Visualizing Landslide Data Part 1 - QGIS and GeoJSON

I have a soft spot for landslide data. One of my first open source web mapping projects back in 2007 involved visualizing some of the first LIDAR-based landslide assessments done for Portland by the Oregon Department of Geology and Mineral Industries (DOGAMI). It was exciting times back then creating online interactive maps for the general public that used PostGIS, Mapserver, and PHP.

So I was pleased to see this last week that DOGAMI released version 3 of Statewide Landslide Information Database for Oregon (SLIDO) with the extent of over 37K historical landslide deposits! A great dataset to take for a spin with some different open source tools, starting with QGIS.

Reading File Geodatabases with QGIS

The landslide data is made available as a 900MB ESRI File Geodatabase. QGIS offers support for this format using GDAL’s FileGDB Driver. For those on Windows using QGIS with OSGEO4W, you may already have this support built-in. Otherwise you’ll need to add in the filegdb library.

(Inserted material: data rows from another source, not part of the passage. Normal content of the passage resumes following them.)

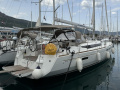 Jeanneau Sun Odyssey 519 Vitorlás yacht
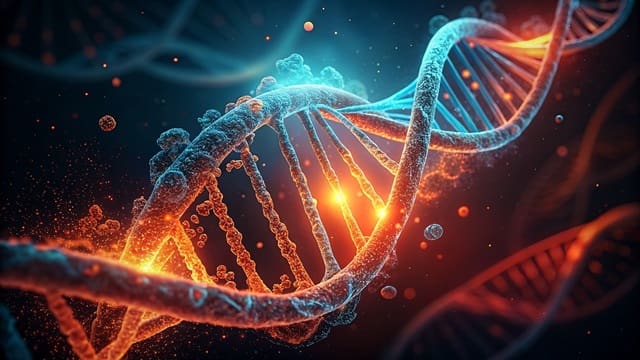 Playing God: As Humanity Faces A Catastrophic Fertility Crisis, Scientists Are Creating “Synthetic Human DNA” From Scratch
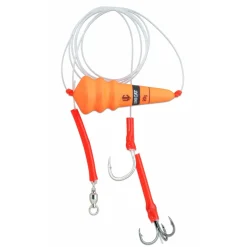 UNI CAT Baitfish GT-41 Comb Rig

For those of us using Kyng Chaos’ QGIS build for OSX, you’ll find a separate plugin for this on the GDAL page.

Once that’s done, voila, you should be able to open the file geodatabase in QGIS. You’ll see that there are over a half dozen different layers in the database including deposits.

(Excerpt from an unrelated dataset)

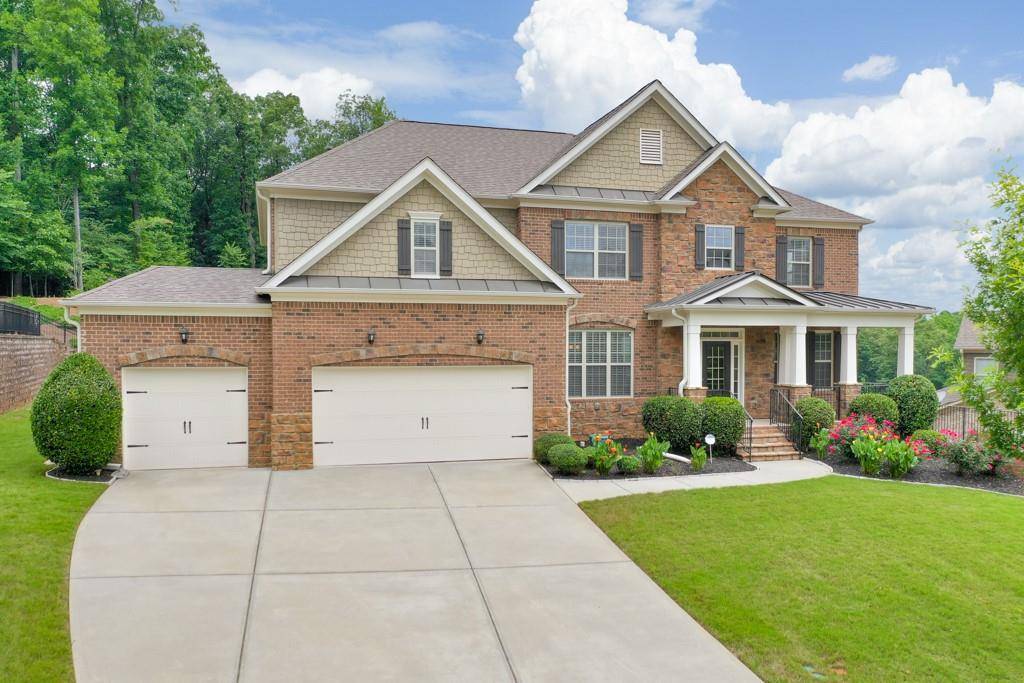 Kennesaw, GA 30152,1211 Fawndale DR NW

File open dialog and deposits data layer view

Map Styling

From here I added the Toner basemap produced by Stamen Design, and available through the QGIS OpenLayers Plugin. Then I added a graduated style to the deposits layer based on the slope attribute. The result is a map that lets you begin to get a sense for where steep slides are occurring and just how many low-angle slides there are. Fascinating stuff.

Toner basemap from Stamen Design
Graduated style using the slope attribute

Converting to GeoJSON and TopoJSON

From this point I wanted to break a subset of this data out into a more web-friendly JSON-based format to play with. QGIS has a handy feature called Select features by polygon that let me outline deposits in the Portland area that I want to keep. I then exported these features to GeoJSON by right-clicking the deposits layer and choosing Save selection as…. I needed to to choose the WGS84 coordinate reference system (latitude/longitude) because many web-based tools expect it.

GeoJSON export

It’s important to note that the GeoJSON format is text-based and fairly verbose. The resulting GeoJSON file I created for the greater Portland area has 983 features and comes in at over 2MB. We can trim this size down even further by converting to the TopoJSON format.

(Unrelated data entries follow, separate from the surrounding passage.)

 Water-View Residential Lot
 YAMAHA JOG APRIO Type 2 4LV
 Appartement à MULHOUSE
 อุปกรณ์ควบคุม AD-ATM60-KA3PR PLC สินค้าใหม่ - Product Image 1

QGIS doesn’t yet support TopoJSON but we can quickly convert the GeoJSON we created over to TopoJSON using a small command-line utility. To install the TopoJSON utility on OSX I used the Homebrew and NPM package managers:

brew install npm
npm install -g topojson
topojson -p -o slido3-deposits-pdx.topojson slido3-deposits-pdx.geojson

Be sure to use the -p option to maintain the attributes for each feature. The resulting topojson file is less than 800KB, an over 60% reduction in size.

As an alternative to the command-line, you can use Josh Livni’s Shape Escape application to convert from a shapefile to TopoJSON.

GitHub

Now that my data is in the GeoJSON and TopoJSON format, I can use it in a variety of web-based tools which I’ll save for another post. To kick that off I pushed both files to GitHub for safekeeping and quick access. GitHub recently added support for visualizing both GeoJSON and TopoJSON files from within a repository which is handy for making sure everything worked properly.